Gesammelte Briefe aus dem Familienurlaub auf der Kykladen-Insel Santorini. Berichte von unbarmherziger Hitze, dem Influencer-Epizentrum, Marihuana und einer Katze mit akkuratem Seitenscheitel und Bärtchen.
1. Brief – Montag, 12. Juli: Hotspot für Instapeople
Sind gut auf Santorini angekommen. Die Leute hier sind jung und international, sie kommen aus London, L.A., Tokio, Bottrop, Buxtehude, Kirschentheuer, Gotschuchen, Sinabelkirchen und Stinatz. Die Sinabelkirchner und Stinatzer haben eine Bottle Rotwein in der Hand und die Fiaß im schwarzen Sand.

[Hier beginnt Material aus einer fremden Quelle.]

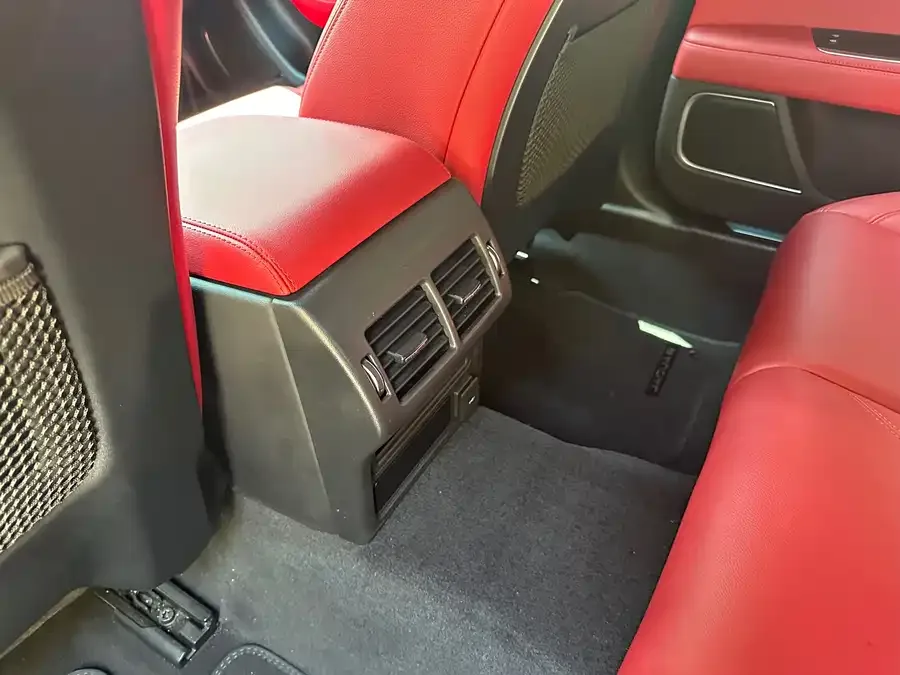 Jaguar XEL 2023 2.0T 250PS R-DYNAMIC S aggressive sports version 2023 — миниатюра 3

Die Kirschentheurer sind auf der Suche nach billigen Kirschen und die Gotschuchner trinken Bier statt Rotwein.
Alle anderen machen Pics, Vids, Reels und Storys mit ihren iPhones X hoch 666. Am Strand vor uns sitzt eine 16-Jährige, die in 15 Minuten 100 Fotos von ihrem Dekolleté macht und sich zwischendurch den Bikini 300 mal zurecht zupft. In der Instagram-Hauptstadt Oia sind Horden von Influencern unterwegs. Die engen Gässchen sind verstopft, niemand kommt mehr voran. Wie Zombies klettern die Instapeople mit ihren Selfiesticks übereinander hinweg um die beste Position für ihre nächste Story zu ergattern. Die männlichen Exemplare tragen Tennissocken, Adiletten und Muskelshirts, die weiblichen Brust- und Lippenimplantate. Trotz dieser optischen Makel versuchen sie in der brennenden Hitze möglichst sexy auszusehen, machen Kussmund und grinsen um die Wette.

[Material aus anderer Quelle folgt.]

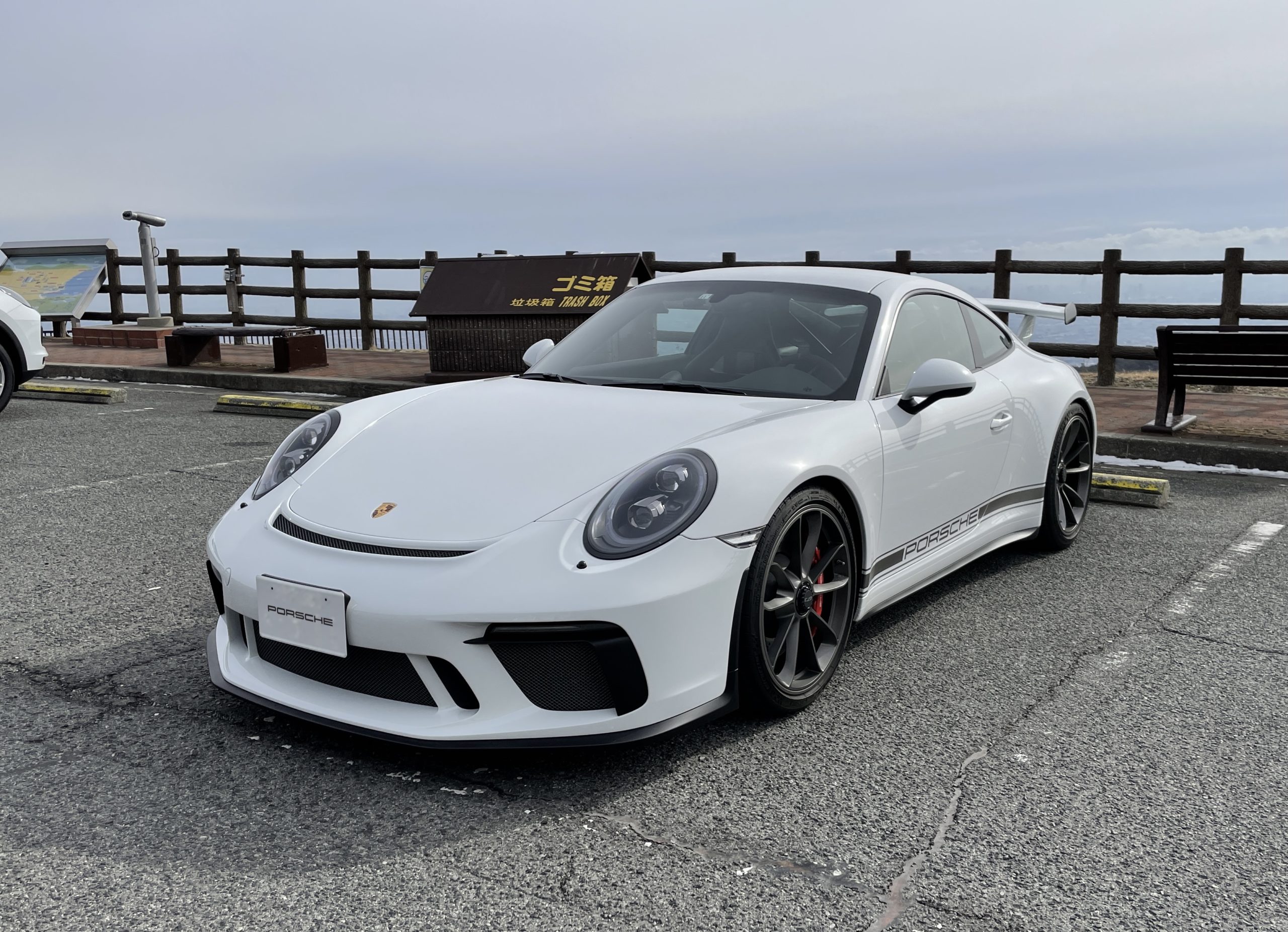 Test Drive of Porsche 911 GT3 (991.2) PDK｜Differences from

Ich suche Schutz unterm Marihuanastrauch, der hier das einzige bisschen Schatten spendet
2. Brief – Mittwoch, 14. Juli: Marihuana am Pool
An unserem Hotelpool gibt es keine Schirme. Die Sonne knallt unbarmherzig auf die weißen Kacheln, meine Bindehaut hat sich binnen Sekunden entzündet. Es ist so heiß, das Hotelpersonal brutzelt ab 8 Uhr direkt auf dem Steinboden Spiegeleier & Speck fürs Frühstücksbuffet. Ich suche Schutz unterm Marihuanastrauch, der hier das einzige bisschen Schatten spendet. Nach ein paar Tagen ist es auch damit vorbei. Eine Horde fresher Instapeople checkt im Hotel ein und raucht mir meinen Sonnenschutz weg.

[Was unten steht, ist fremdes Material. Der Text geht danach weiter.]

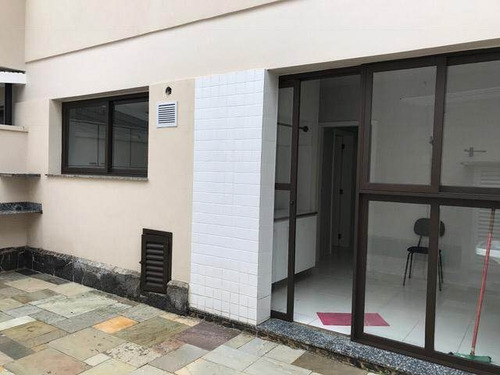 Alphaville 02 | Casa À Venda | Aconchegante | 4 Suítes Com Armários | Piscina Com Raia E Deck - Cnc1147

3. Brief – Freitag, 16. Juli: Lauf auf den Hausberg
Die Hitze treibt mich in den Wahnsinn. Ich brauche Abkühlung, also mache mich auf den Weg um unseren Hausberg zu erklimmen. Vorbei an in der sengenden Sonne dahinsiechenden Katzen und komatösen Hunden trabe ich aus der Touristenzone hinaus Richtung Berg. Scheinbar hab ich dabei Göttervater Zeus erzürnt, denn oben angekommen, reißt er mir mit einem wütenden Orkanstoß das überteuerte Buff-Laufkapperl vom Kopf. Es ist so weit geflogen, irgendwann hab ichs dann nicht mehr gesehen. An dieser Stelle also ein dringender Appell! Es ist ein schwarzes Kapperl, Marke „Buff“. Es hat weiße Schweißränder und mehrere Ouzo- und Tzatziki-Flecken. Falls es bei euch vorbeikommt, bitte auffangen, das ist meins!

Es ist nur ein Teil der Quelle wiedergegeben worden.